You can access the Replication Manager service on the Cloudera Public Cloud web interface. To replicate data between clusters, add the source on-premises clusters as classic clusters on the Cloudera Management Console > Clusters page, add/create one or more Cloudera Public Cloud SDX Data Lakes and/or Data Hubs, and then create the replication policies in Replication Manager. The Replication Policies page shows the progress and status of replication policy jobs. You can also use CDP CLI to create HDFS and Hive replication policies.

Replication Manager provides the following functionalities that you can use to accomplish your data replication goals:

HDFS replication policies

These policies replicate HDFS data and metadata from on-premises clusters (CDH, Cloudera Private Cloud Base, and HDP) to Public Cloud storage buckets such as S3 and ABFS, and from cloud storage to classic clusters (CDH or Cloudera Private Cloud Base clusters). You can choose the frequency of replicating data.

Some use cases where you can use HDFS replication policies include:
  • Moving legacy data (from CDH clusters) to cloud deployments (AWS or Azure on Cloudera Public Cloud).
  • Archiving cold data.
  • Replicating the required data to another cluster to run analytics on it.

Hive replication policies

These policies support table-level replication and can replicate Hive external tables from on-premises clusters (CDH and Cloudera Private Cloud Base) to cloud storage such as S3 and ABFS and to Data Hubs. They also can:
  • replicate data stored in Hive tables, Hive metadata, data in Hive metastore, and Impala metadata (catalog server metadata) associated with Impala tables registered in the Hive metastore, and
  • migrate Sentry permissions to Ranger.
Some use cases where you can use Hive replication policies include:
  • Backing up data periodically.
  • Performing a recovery operation when necessary.
  • Creating a development and test system for engineers to run quality checks.

HBase replication policies

You can create these policies to replicate HBase data from a source classic cluster (CDH or Cloudera Private Cloud Base cluster), COD, or Data Hub to a target Data Hub or COD cluster. You can also copy or replicate HBase data between different environments within a Virtual Private Cloud (VPC) using these policies. Any future data change in the source cluster is pushed to the target cluster automatically without user intervention.

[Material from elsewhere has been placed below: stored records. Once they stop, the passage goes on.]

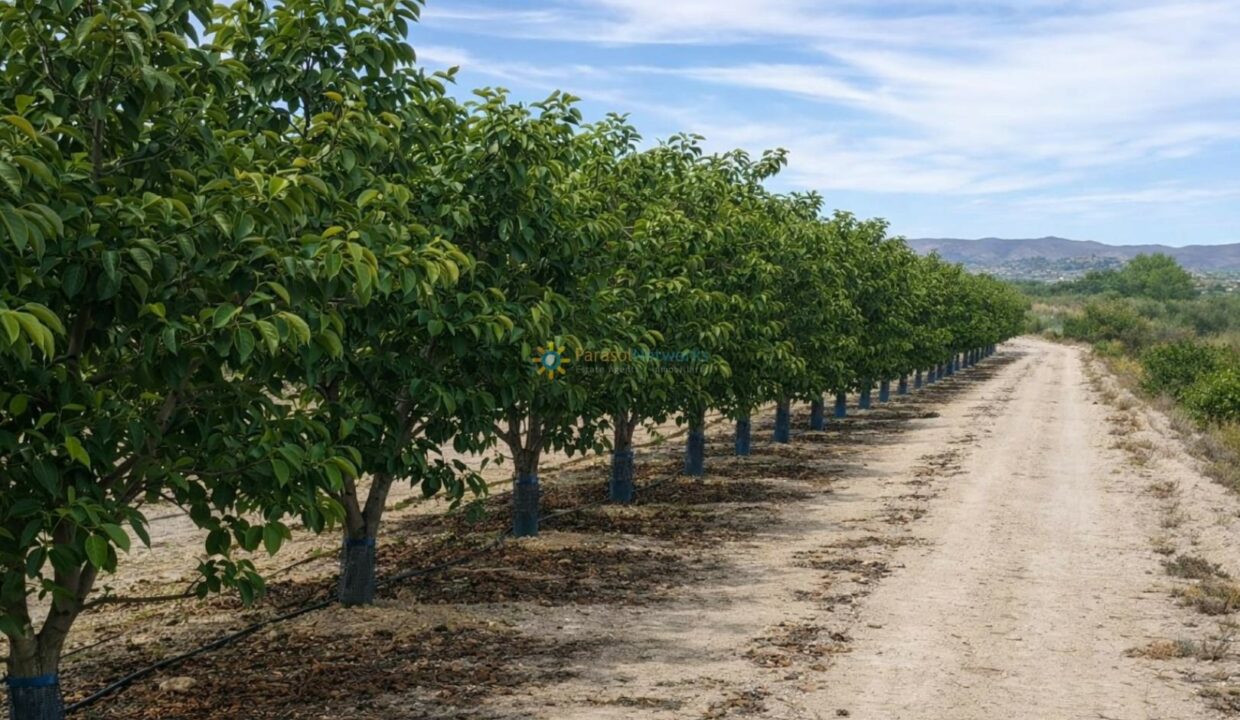 Camino en el huerto soleado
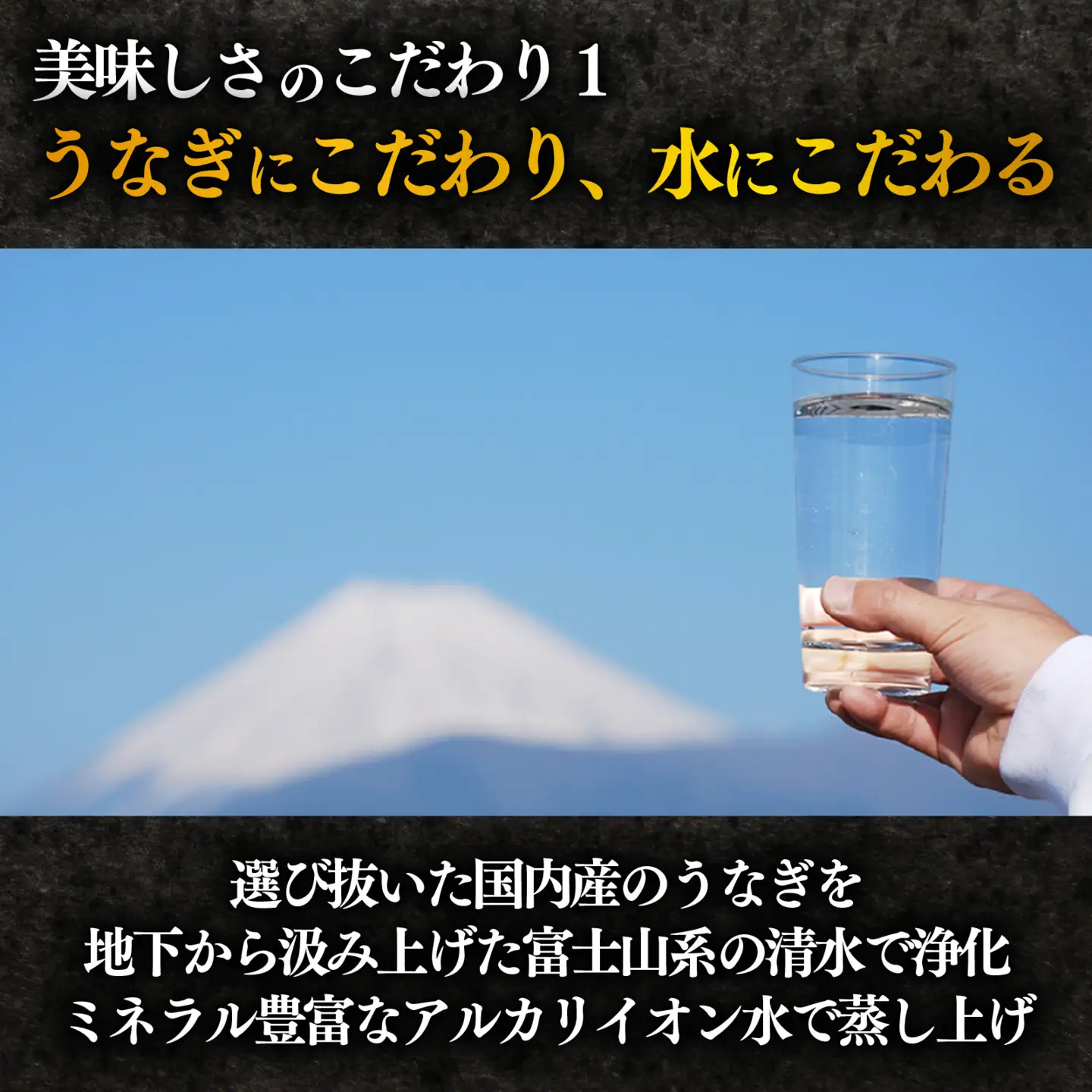【定期便 3ヶ月】 うなぎ 蒲焼 2尾 国産 うなぎ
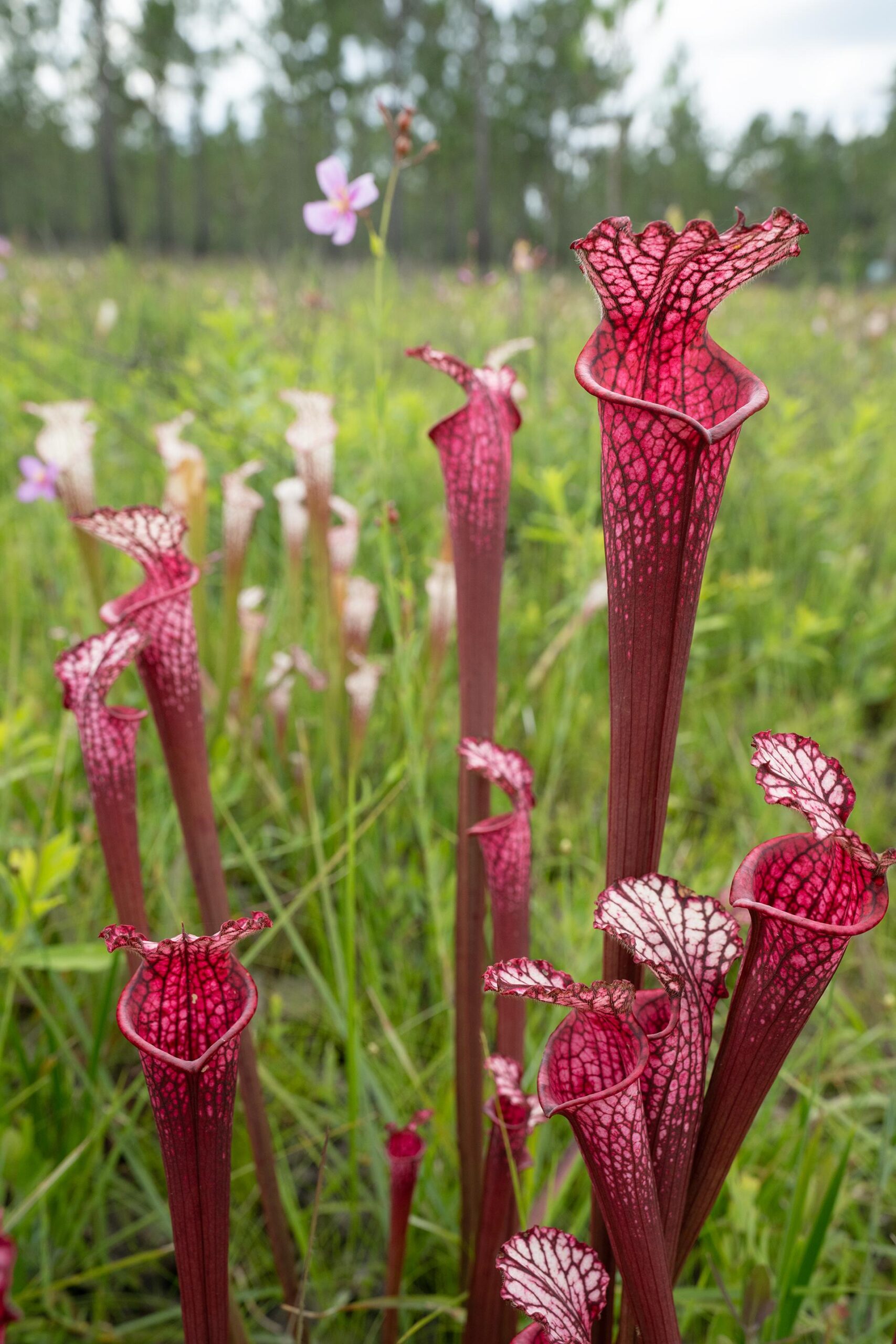 Red lacy pitcher plants.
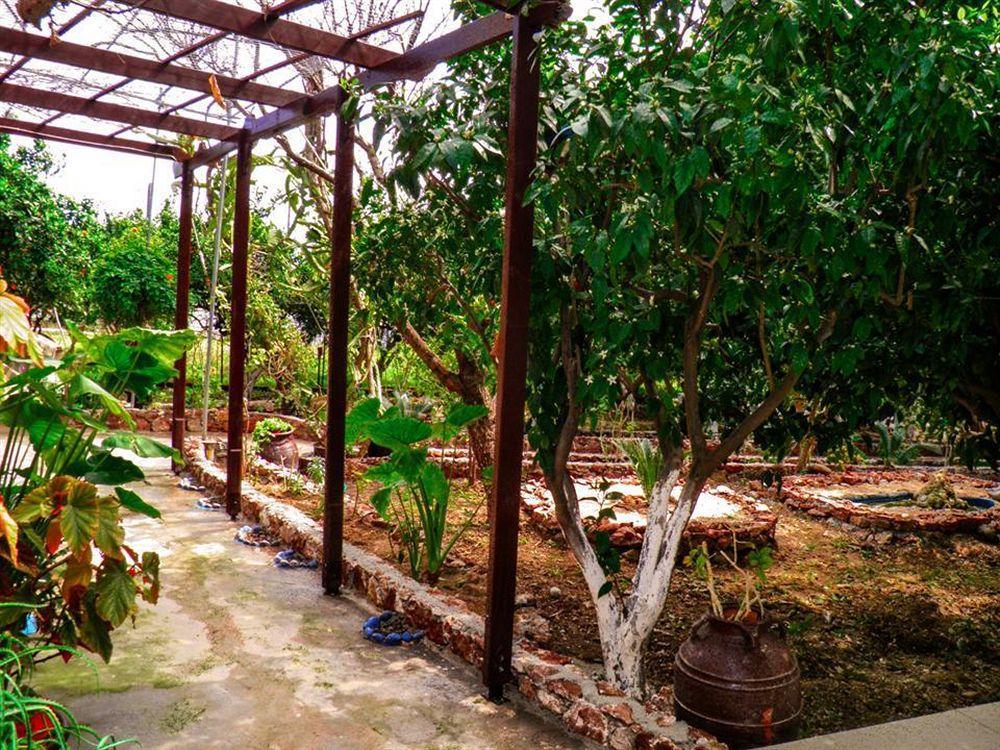 Alpha Stegna Sun Guest house Archangelos (Rhodes)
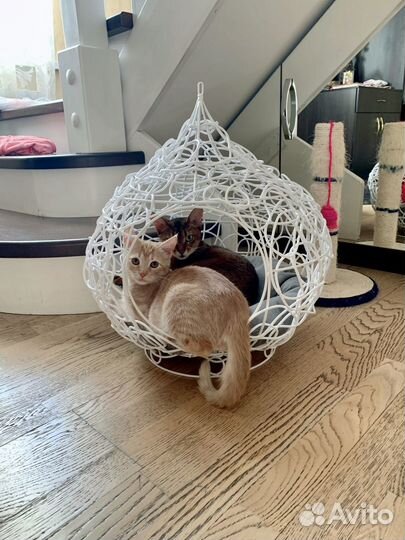 Домик для собак и кошек Кокон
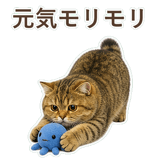 852706348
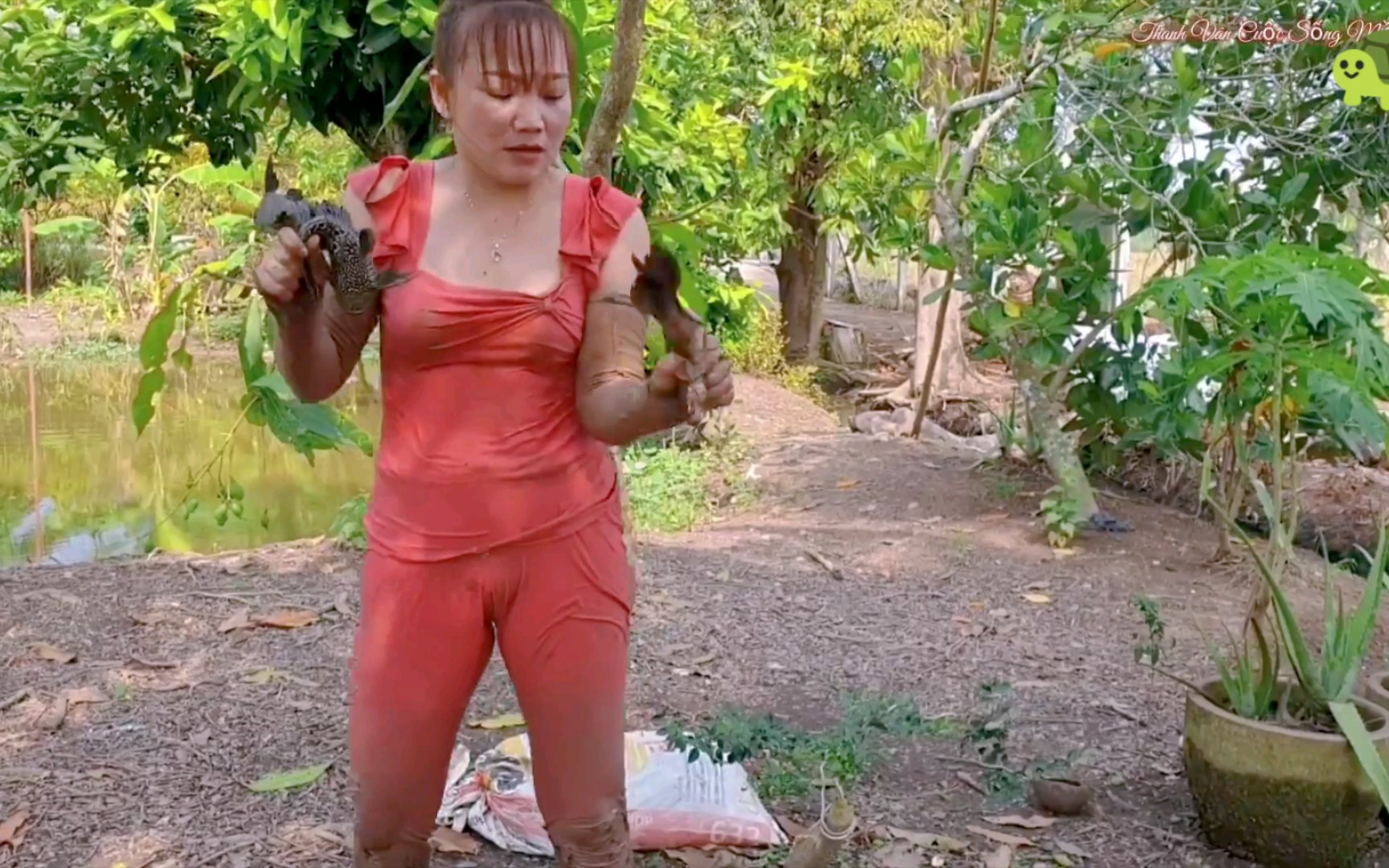 越南美女教大家抓鱼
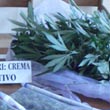 Coltiva marijuana in giardino, in manette operaio cremasco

Some use cases where you can use HBase replication policies include:
  • Performing an active-active disaster recovery with conflict resolution (enabling other disaster recovery use cases which provides an efficient utilization of resources).
  • Copying required data to the cloud clusters for heavy-duty analytics workloads which helps to optimize on-premises cluster performance.
  • Utilizing the continuous data synchronize feature to implement a hybrid cloud that in turn helps you to use it in various other use cases.

CDP CLI for HDFS and Hive replication policies

You can also use CDP CLI commands to create HDFS and Hive replication policies. The CDP CLI commands for Replication Manager are under the replicationmanager CDP CLI option. For more information, see CDP CLI for Replication Manager.

CDP CLI is a unified tool to manage all the Cloudera Public Cloud services. This gives you the flexibility to use it across services from a single pane, view required information in a single scroll (for example, you can view all available clusters’ service status in a single page), and collaborate to troubleshoot issues.